WHAT TO WORK ON
If a record contains a picture, drop the picture and copy everything else exactly.

RECORDS SHOWN
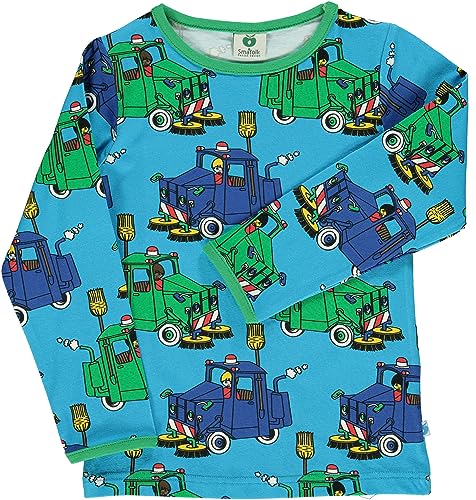 Småfolk T-Shirt LS. Sweeper Truck von Småfolk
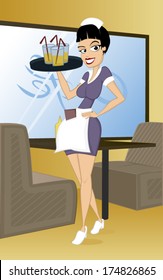  Waitress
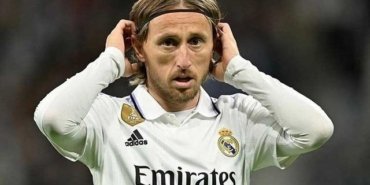 Sezon sonunda sözleşmesi bitecek olan Luka Modric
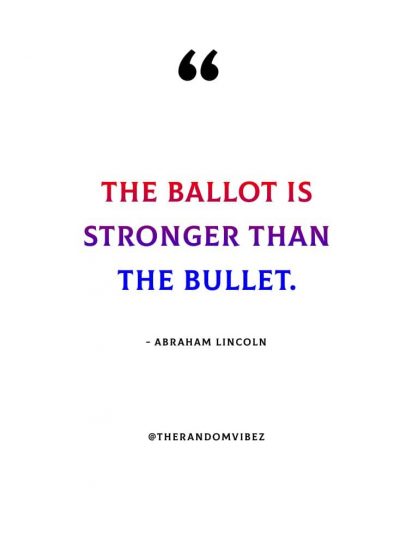 Importance Of Voting Quotes Images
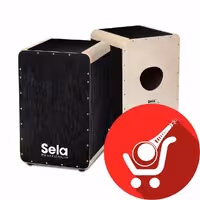 Sela SE 023 Wave Cajon Set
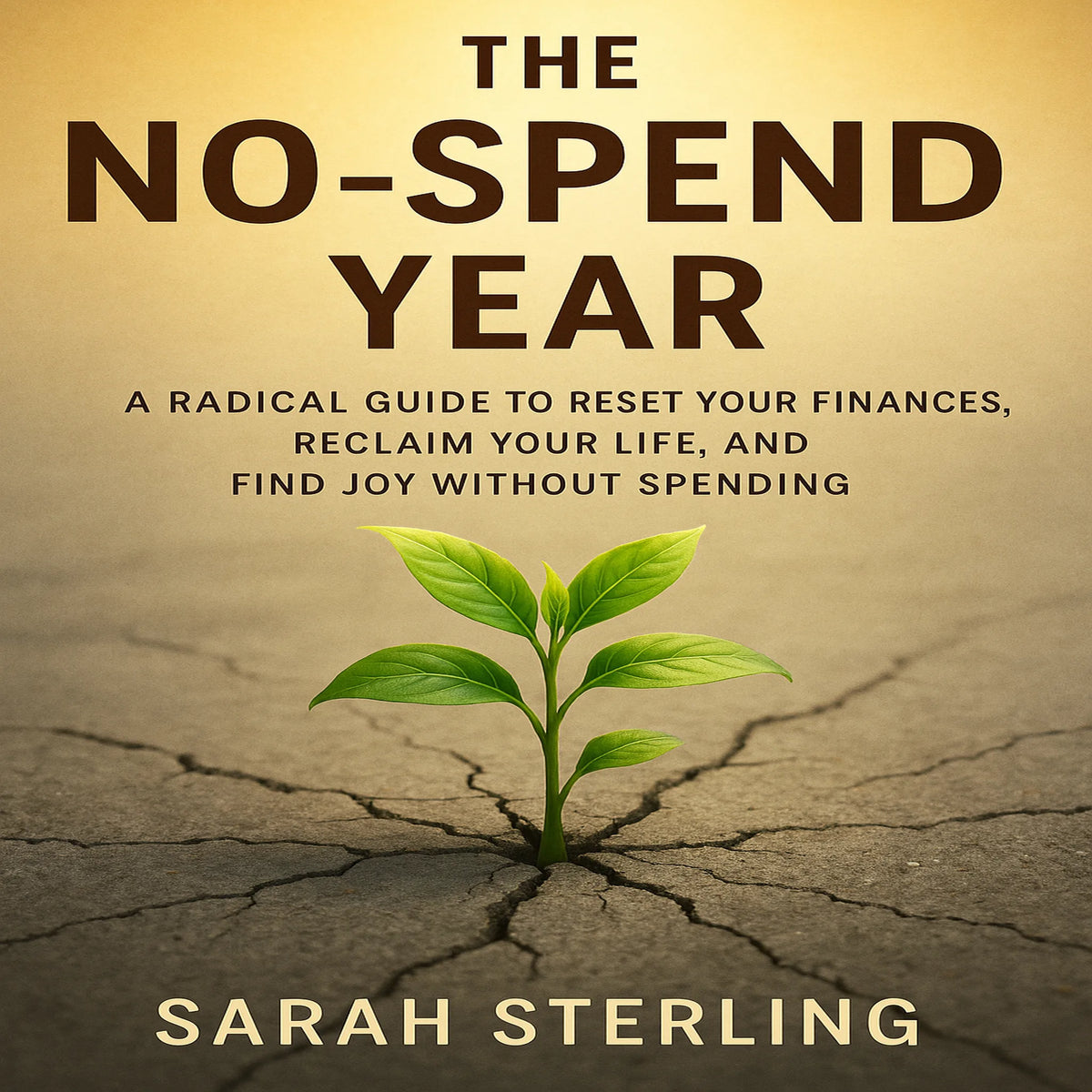The No-Spend Year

TASK SOLUTION
 Småfolk T-Shirt LS. Sweeper Truck von Småfolk
  Waitress
 Sezon sonunda sözleşmesi bitecek olan Luka Modric
 Importance Of Voting Quotes Images
 Sela SE 023 Wave Cajon Set
The No-Spend Year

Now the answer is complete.